Après s'être heurté aux protestations et pétitions londoniennes, c'est en Île-de-France que l'artiste sud-africain Brett Bailey a décidé de tenter "l'expérience Exhibit B". D'abord au Théâtre Gérard-Philippe de Saint-Denis, puis au Cent Quatre dans le XIXème arrondissement de Paris, l'exposition renoue avec une page très sombre de l'époque coloniale française. Des noirs exposés à la manière d'un zoo humain. Le spectacle de Brett Bailey a provoqué l'indignation et réouvert le débat sur le racisme en France, tout particulièrement envers la communauté noire.

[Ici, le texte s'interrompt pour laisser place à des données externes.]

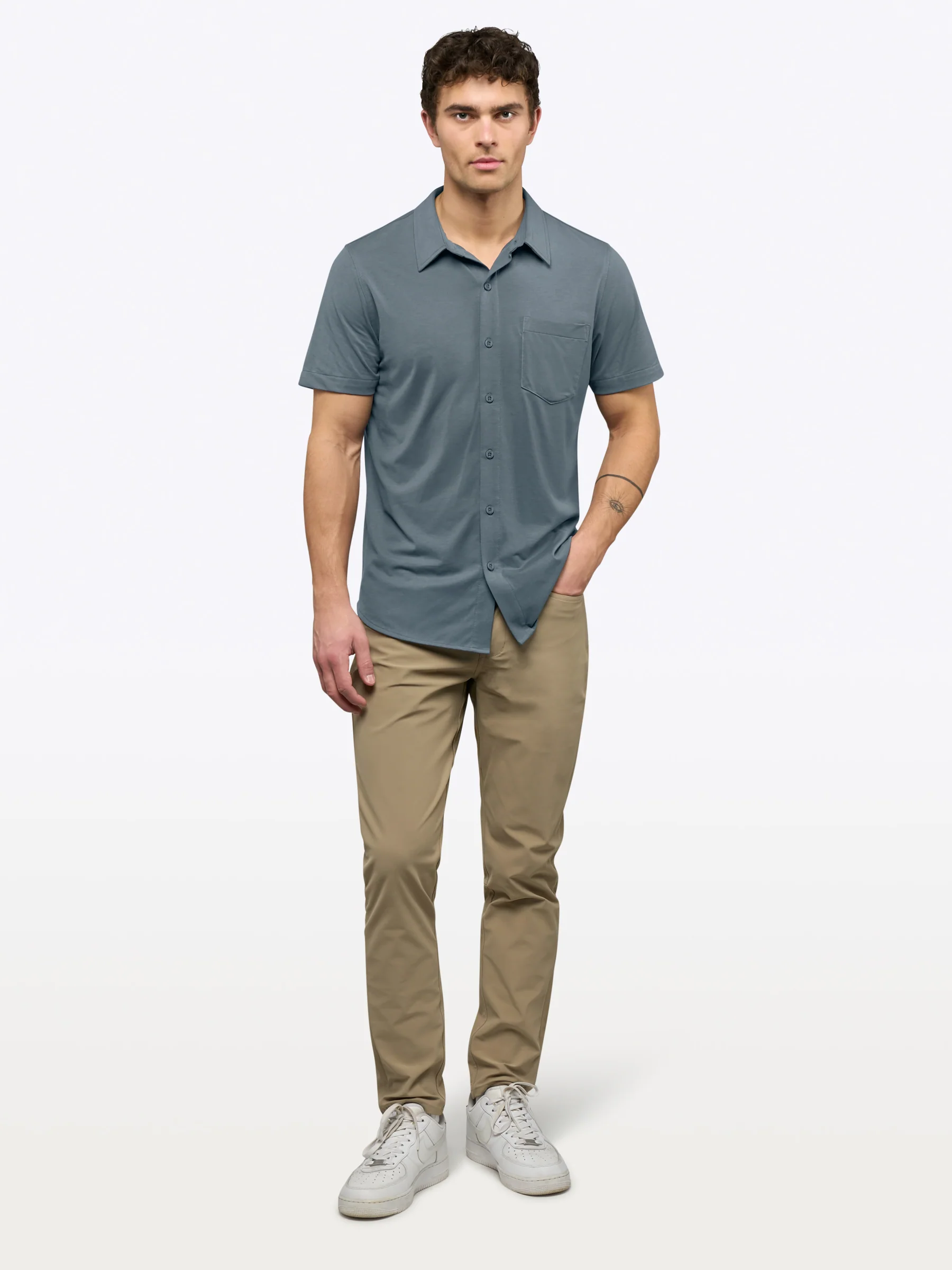 AO Button Up | Ocean Storm Signature-Fit PYCA Pro® - Image 6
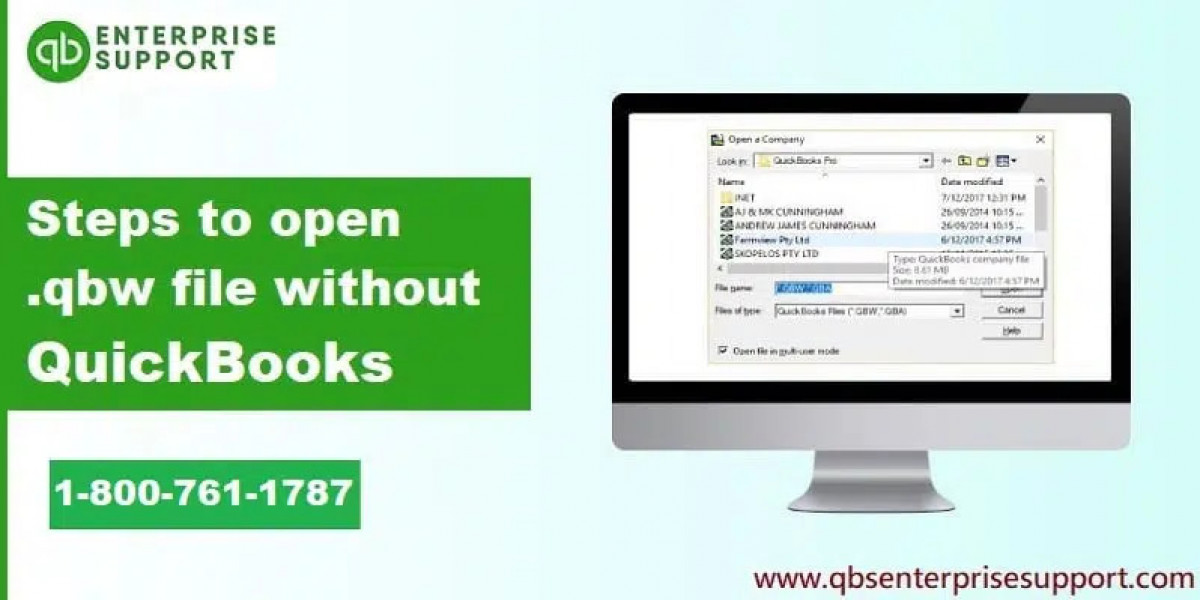 Steps to Open QBW File Without QuickBooks Desktop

"Une oeuvre pour choquer le spectateur blanc"

"Exhibit B est une installation-performance en douze tableaux vivants qui dénonce des actes commis, d'une part, en Afrique, pendant la période coloniale, et, d'autre part, aujourd'hui, en Europe, envers certains immigrés africains." C'est l'explication que l'on peut trouver sur le site internet du Cent Quatre. Une œuvre antiraciste qui reconnaîtrait d'une certaine façon, les humiliations subies par le peuple noir au temps des colonies. Pour Brett Bailey pas d'ambiguïté, l'objectif est d'informer afin de prendre conscience de ce passé dont la France a si honte. L'artiste de 47 ans, lui, l'a connue cette ségrégation, ayant grandi en Afrique du Sud où l'apartheid a perduré pendant 43 ans. Pourtant, il n'a jamais vraiment été engagé dans ce régime raciste, d'ailleurs il l'atteste lui-même lors d'une interview pour RFI: "Chez moi, il y avait une femme de ménage noire, mais je n'avais pas idée du sort de la population noire, ni de l'ampleur du combat contre l'apartheid...", affirme-t-il dans le journal anglais The Guardian, que l'exposition sert à dénoncer le racisme en Europe et le meilleur moyen pour lui d'y remédier est à travers l'art. On y trouve douze tableaux représentant des scènes de l'époque coloniale et postcoloniale, le public visé est blanc selon l'artiste (les noirs peuvent être également spectateurs). Ce projet bénéficie de nombreux soutiens de personnalités politiques françaises comme la ministre de la Culture Fleur Pellerin ou encore la maire de Paris, Anne Hidalgo, qui, face aux demandes d'annulation de ce spectacle ont tout simplement réaffirmé l'importance de la liberté artistique en maintenant l'exposition. L'ancien footballeur Lilian Thuram, très impliqué dans les causes antiracistes, trouve également la démarche intéressante car d'après lui elle invite à se questionner sur soi et sur la société actuelle. Son seul regret est que les tirailleurs sénégalais ne soient pas dans l'exposition. Seulement voilà, Exhibit B ne convainc pas l'ensemble de la population et encore moins la communauté noire, qualifiant cette exposition de "racisme déguisé".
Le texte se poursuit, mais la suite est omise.